LaFFi: Leveraging Hybrid Natural Language Feedback for Fine-tuning Language Models

Qianxi Li,Yingyue Cao,Jikun Kang,Tianpei Yang,Xi Chen,Jun Jin,Matthew E. Taylor
2024-01-01
Abstract:Fine-tuning Large Language Models (LLMs) adapts a trained model to specific downstream tasks, significantly improving task-specific performance. Supervised Fine-Tuning (SFT) is a common approach, where an LLM is trained to produce desired answers. However, LLMs trained with SFT sometimes make simple mistakes and result in hallucinations on reasoning tasks such as question-answering. Without external feedback, it is difficult for SFT to learn a good mapping between the question and the desired answer, especially with a small dataset. This paper introduces an alternative to SFT called Natural Language Feedback for Finetuning LLMs (LaFFi).
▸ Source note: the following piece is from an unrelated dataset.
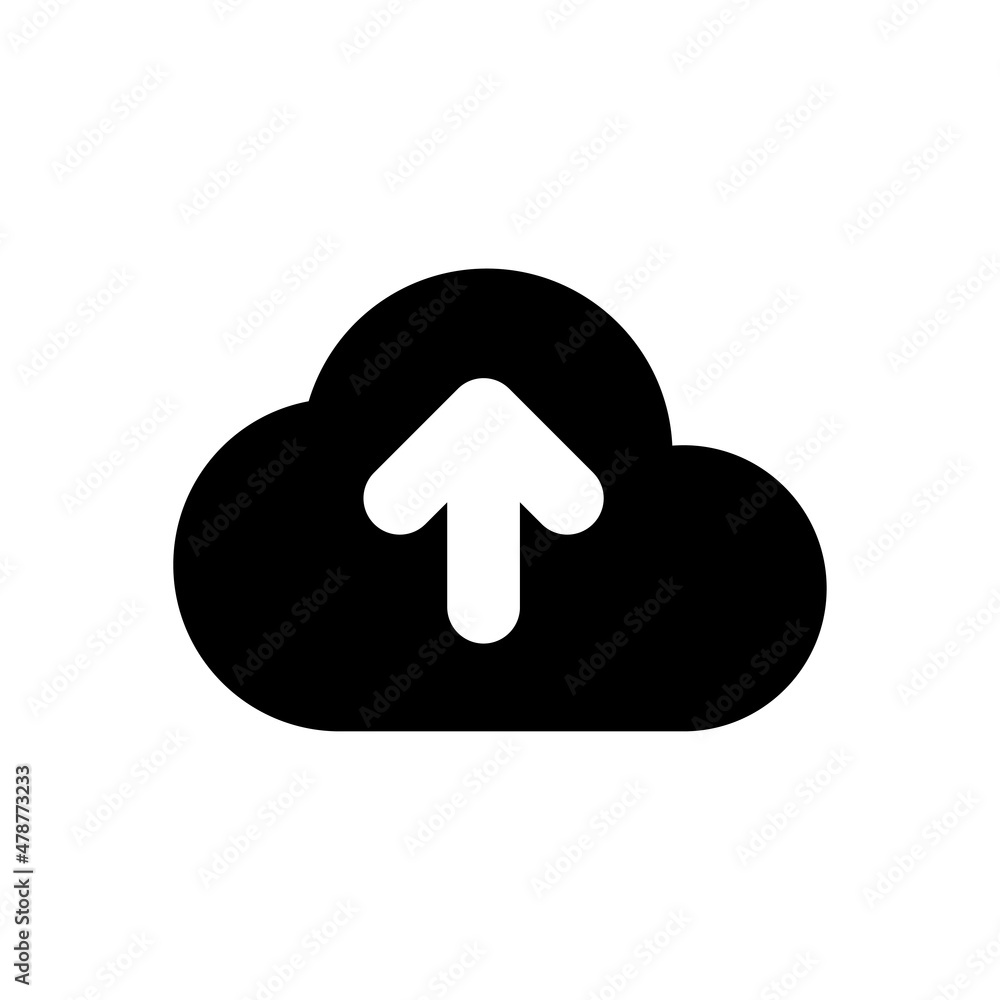 Poster cloud upload vector solid icon design symbol on white background eps 10 file
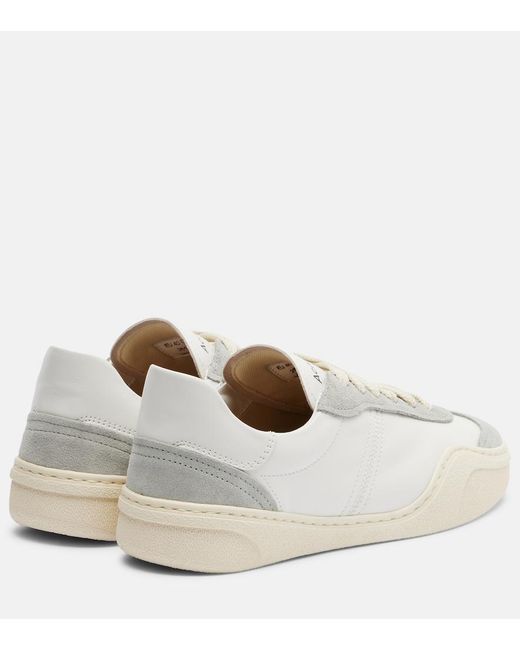 Acne White Suede-Trimmed Leather Sneakers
LaFFi has LLMs directly predict the feedback they will receive from an annotator. We find that requiring such reflection can significantly improve the accuracy in in-domain question-answering tasks, providing a promising direction for the application of natural language feedback in the realm of SFT LLMs. Additional ablation studies show that the portion of human-annotated data in the annotated datasets affects the fine-tuning performance.
Machine Learning,Artificial Intelligence,Computation and Language
What problem does this paper attempt to address?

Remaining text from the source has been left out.